使用R循环更改名称的多个excel文件

Question

我有多个名为“2003_BY_HR.xls 的副本”、“2004_BY_HR.xls 的副本”...“2010_BY_HR.xls 的副本”等的 excel 文件。文件命名是唯一的，名称中只有年份更改。工作表也具有相同的名称。我正在使用 readxl 包来读取数据。我只需更改年份即可读取和输出每个文件的数据。我想自动有效地实现这一点，而不是手动更改文件名并重新运行脚本。我的有效脚本如下所示。

setwd("Data")
library(readxl)

# I read in the first file
dataf<-"Copy of 2003_BY_HR.xls"
ICA <- read_excel(dataf, 
              sheet = "ICA_HR_2003")
ET  <- read_excel(dataf, 
              sheet = "ET_HR_2003", na ="0")

# I read the data from first sheet and retrieve variable of interest
Grain_ICA         <- ICA$`Grain ICA`
Rice_ICA          <- ICA$`Rice ICA`
Cotton_ICA        <- ICA$`Cotton ICA`

# I read the data from second sheet and retrieve variable of interest
Grain_ET         <-ET$`Grain ET WA`
Rice_ET          <-ET$`Rice ET WA`
Cotton_ET        <-ET$`Cotton ET WA`

# I compute the results and save to a single file by appending
ET_grain  <- sum(Grain_ICA * Grain_ET * 1000, na.rm=T)
ET_rice   <- sum(Rice_ICA * Rice_ET *1000, na.rm=T)
ET_cotton <- sum(Cotton_ICA * Cotton_ET *1000, na.rm=T)

result <- data.frame( ET_grain,ET_rice,ET_cotton)
colnames(result) <- c("Grain","Rice","Cotton")
write.table(result, file = "ET.csv", append=T, sep=',', 
        row.names=F, 
        col.names=F)

Answer 1

您应该使用list.files 来制作输入文件列表，您可以使用模式来匹配文件名。然后你把上面所有的东西放到一个函数中，然后使用lapply 将该函数应用于文件名列表。

setwd("Data")
library(readxl)

# I read in the first file
files.lst <- list.files("./", pattern = "Copy of .*\\.xls")
files.lst


MyFun <- function(x) {
  dataf <- x
  ICA <- read_excel(dataf, 
                    sheet = "ICA_HR_2003")
  ET  <- read_excel(dataf, 
                    sheet = "ET_HR_2003", na ="0")

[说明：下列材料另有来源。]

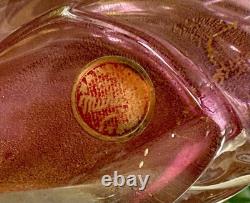 Vintage Large MCM 1950s Pink Gold Barbini Murano Glass Cockatoo Parrot Italy Art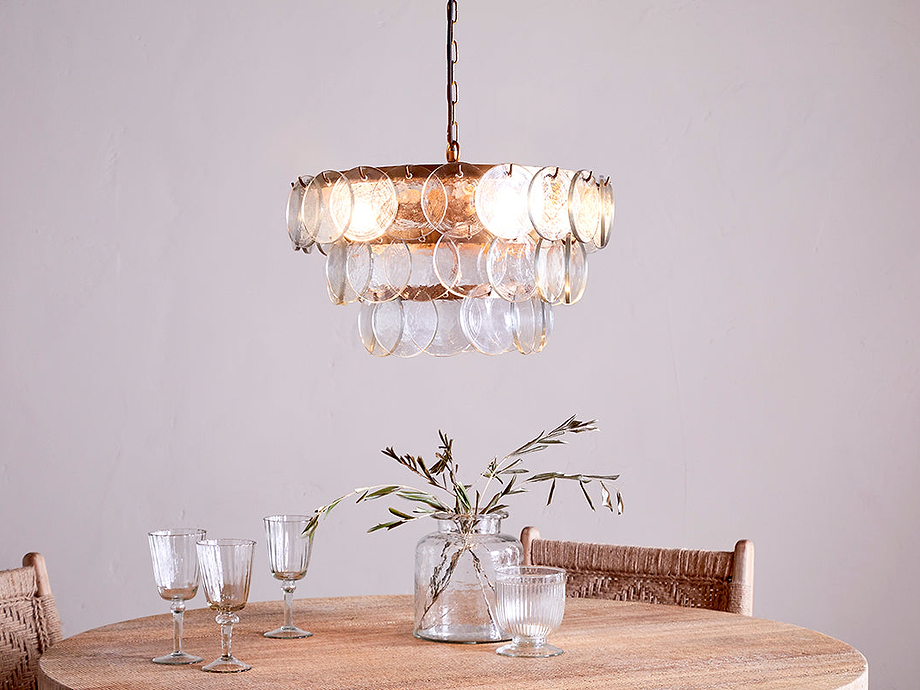 Kagitha Recycled Glass Chandelier - Clear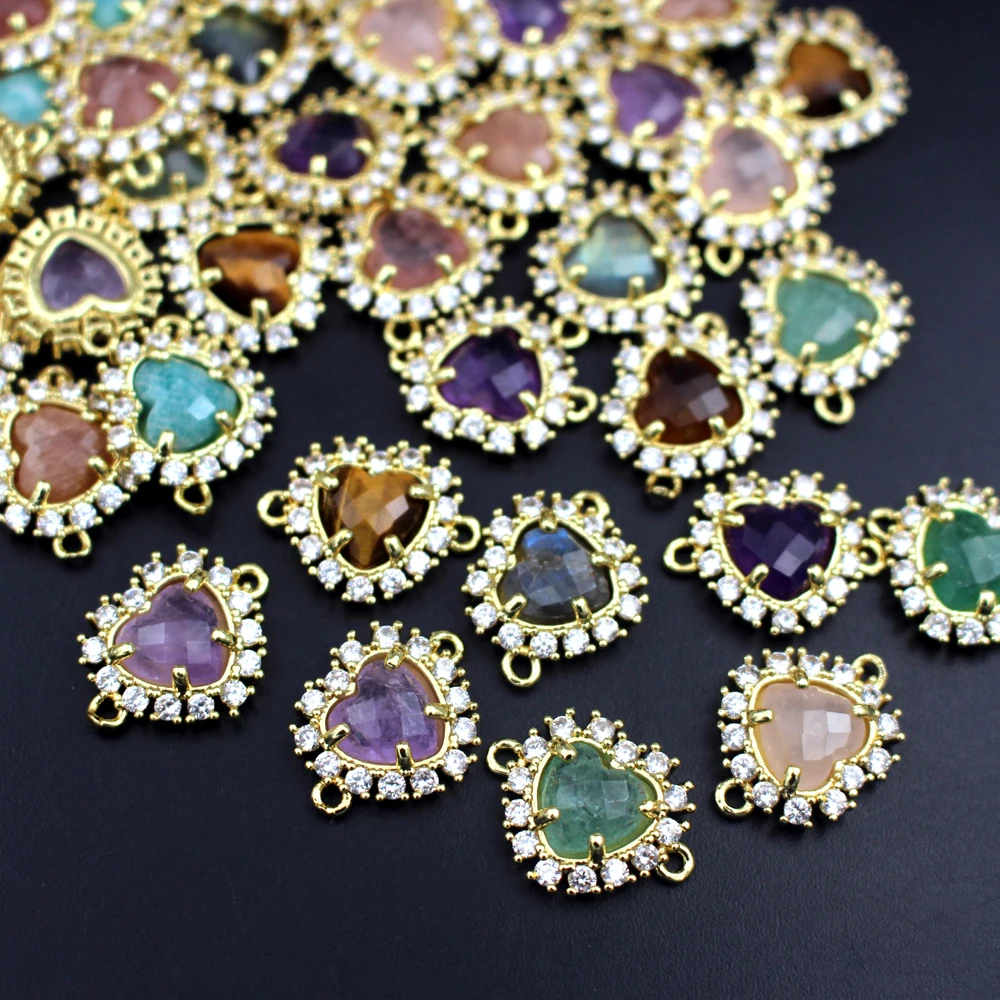6pcs DIY Jewelry Accessories Faceted Heart Shape Natural Amazonite Quartz Stone CZ Pendant Linker Connectors for Necklace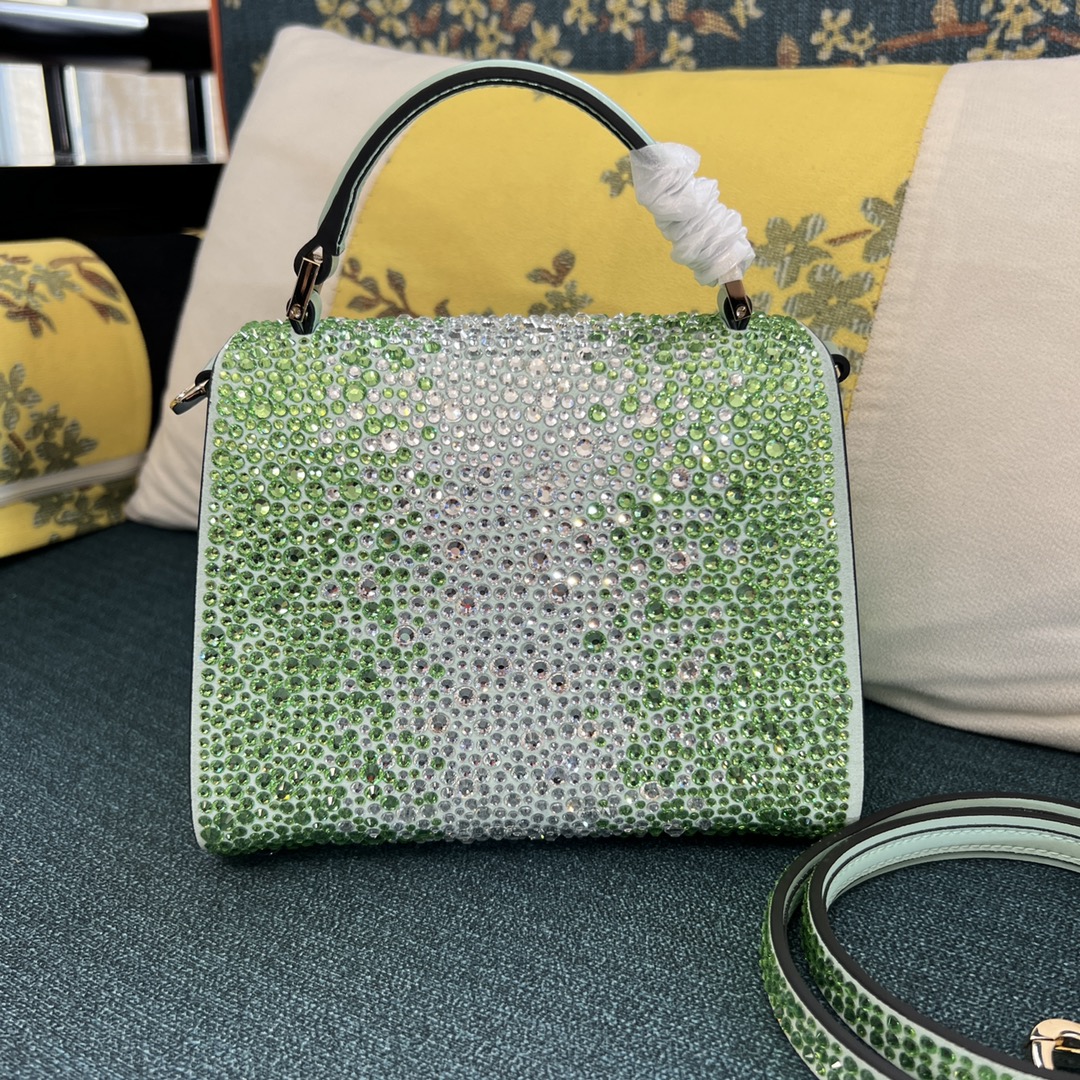 Bagsaaa Va1e*ntin0 Garavani Middle East Crystal VSling Top Handle Green Bag - 19x13x9cm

  # I read the data from first sheet and retrieve variable of interest
  Grain_ICA         <- ICA$`Grain ICA`
  Rice_ICA          <- ICA$`Rice ICA`
  Cotton_ICA        <- ICA$`Cotton ICA`

  # I read the data from second sheet and retrieve variable of interest
  Grain_ET         <-ET$`Grain ET WA`
  Rice_ET          <-ET$`Rice ET WA`
  Cotton_ET        <-ET$`Cotton ET WA`

  # I compute the results and save to a single file by appending
  ET_grain  <- sum(Grain_ICA * Grain_ET * 1000, na.rm=T)
  ET_rice   <- sum(Rice_ICA * Rice_ET *1000, na.rm=T)
  ET_cotton <- sum(Cotton_ICA * Cotton_ET *1000, na.rm=T)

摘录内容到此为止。